# das Thermometer fiel auf 5 Grad



## sayah

Hola,

Tengo problema con la siguiente frase, porque no estoy muy segura de si he exagerado un poco el sentido que da la frase en alemán; se trata de un texto muy literario, por lo que intento que suene literario también en español:

"Das Thermometer fiel auf 5 Grad."

Mi intento: "Los termómetros caían hasta 5 grados. "

Sayah


----------



## spielenschach

O, las temperaturas cayeron hasta 5 grados


----------



## chlapec

Yo diría: "El termómetro cayó a 5 grados"


----------



## Sidjanga

Sí, _*das *Thermometer_ es singular.

PS: ¿Por qué pusiste _laufen _en el título?


----------



## sayah

Sigianga said:


> Sí, _*das *Thermometer_ es singular.
> 
> PS: ¿Por qué pusiste _laufen _en el título?


 
Creía que el problema lo tenía con el verbo, que quizás "caer" era un poco exagerado en español.

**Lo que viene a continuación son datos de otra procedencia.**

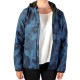 Veste Desigual 17WERK20 Chaq Soft Shell Dark Denim 51188 Legion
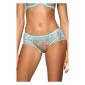 Culotte dentelle bleu V-10133 - Axami|Lingerie et Vêtement Femme|NatureCoquine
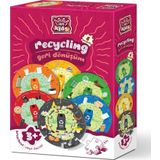 Art Kids Eğitici Geri Dönüşüm 54 Parça Puzzle
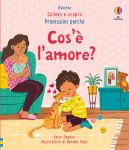 Cos’è l’amore? copertina
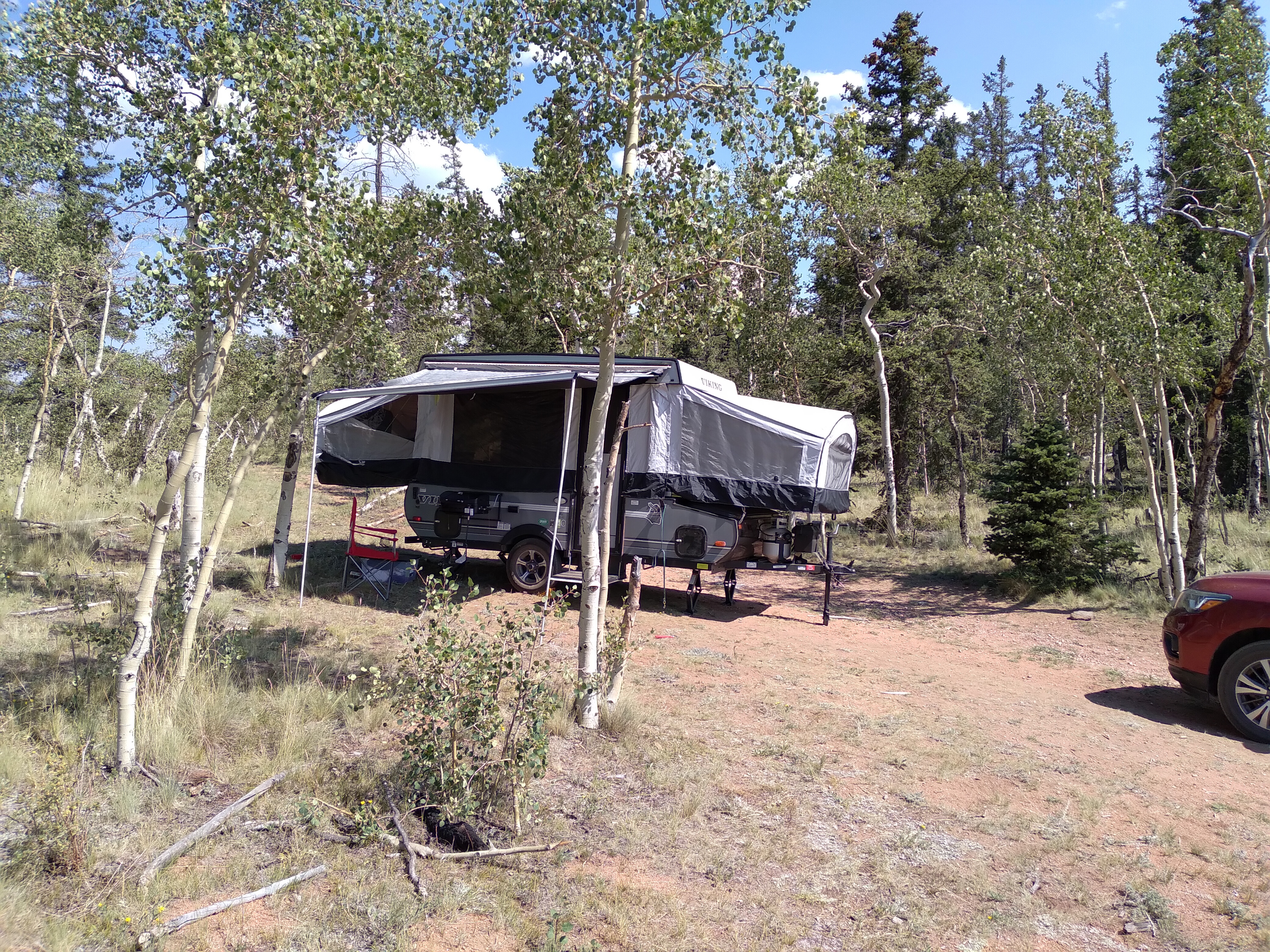 2017 Forest River VIKING EPIC 2108ST in arvada CO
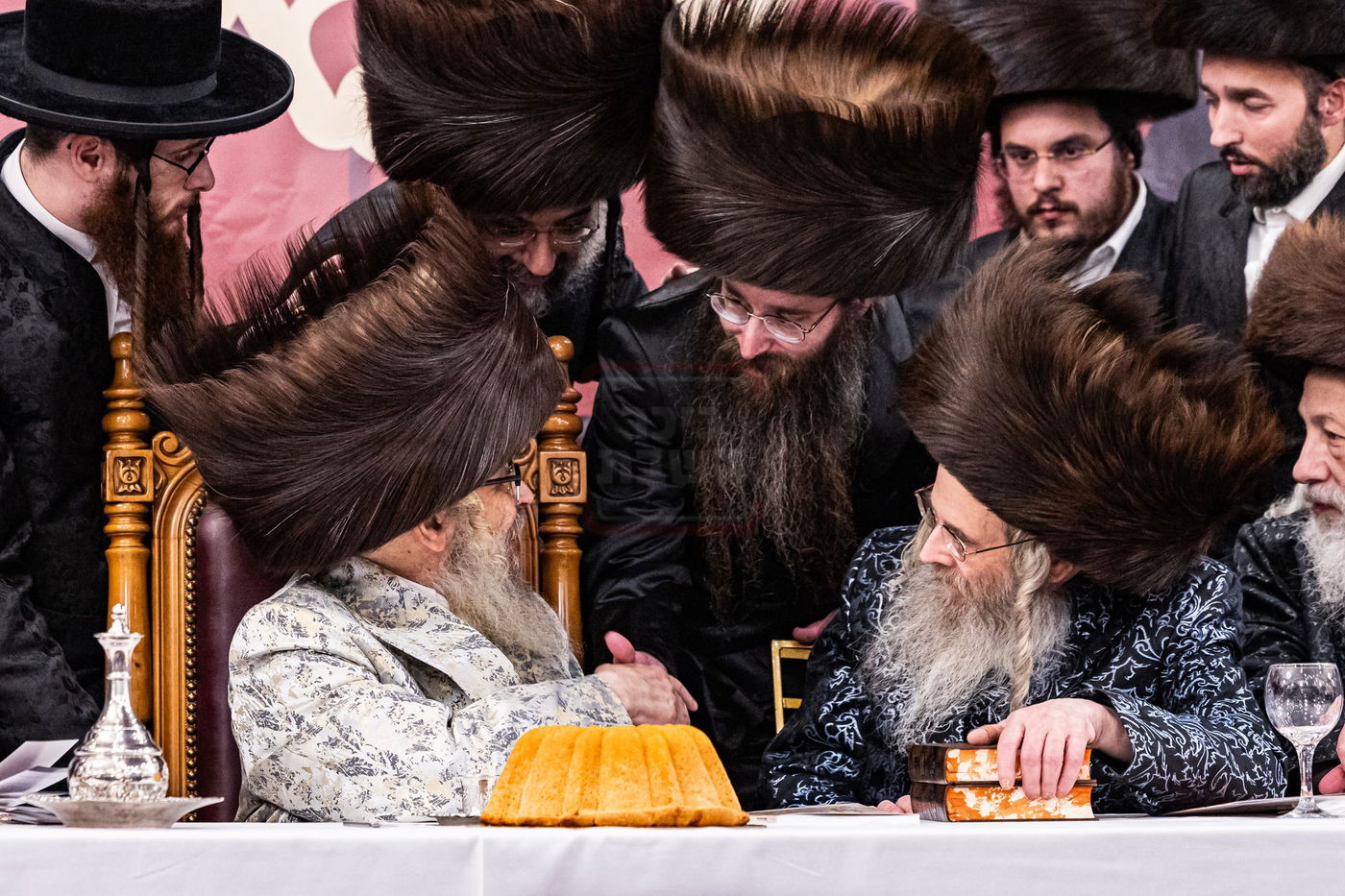 דינר השנתי לטובת מוסדות סאטמר ב"פ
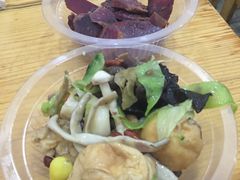 卤牛肉-老新隆牛肉锅贴(新街口店)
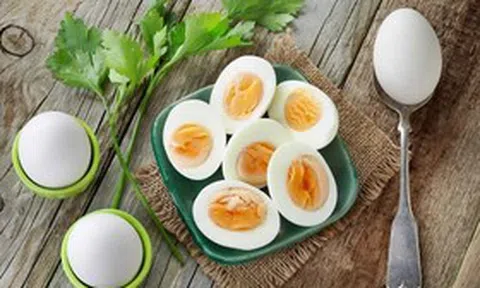 Ăn 30 quả trứng/ngày trong 1 tháng, người đàn ông ngỡ ngàng với sự thay đổi của cơ thể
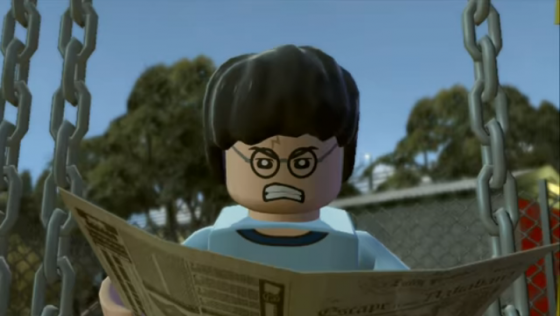 Lego Harry Potter: Years 5-7 Screenshot 12 (PlayStation Vita)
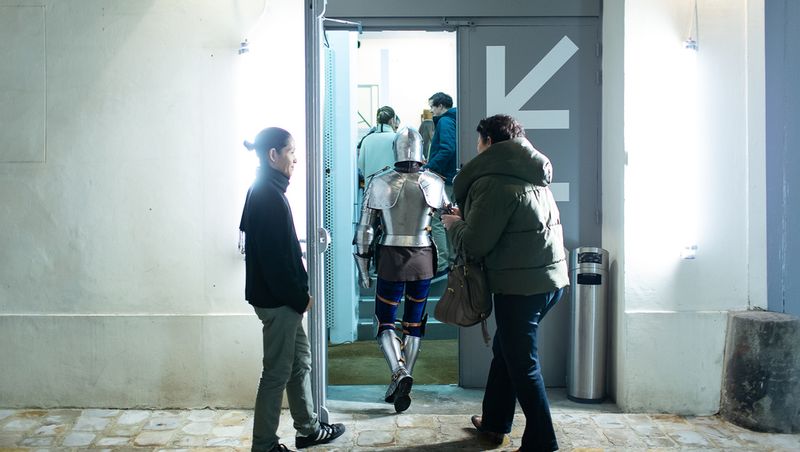 CENTRE CULTUREL SUISSE - Array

Muchas gracias por la ayuda de todos.

Sayah


----------



## Sidjanga

spielenschach said:


> O, las temperaturas cayeron hasta 5 grados


Aunque obviamente no se trata de una traducción fiel de la frase original, me parece una sugerencia muy buena y adecuada; es que, en realidad, también en alemán sonaría mucho más idiomático decir _Die *Temperatur *fiel auf 5 Grad._ que _das Thermometer_ (pero normalmente en singular).


----------



## sayah

Muchas gracias, como siempre, por su inestimable ayuda.

Sayah


----------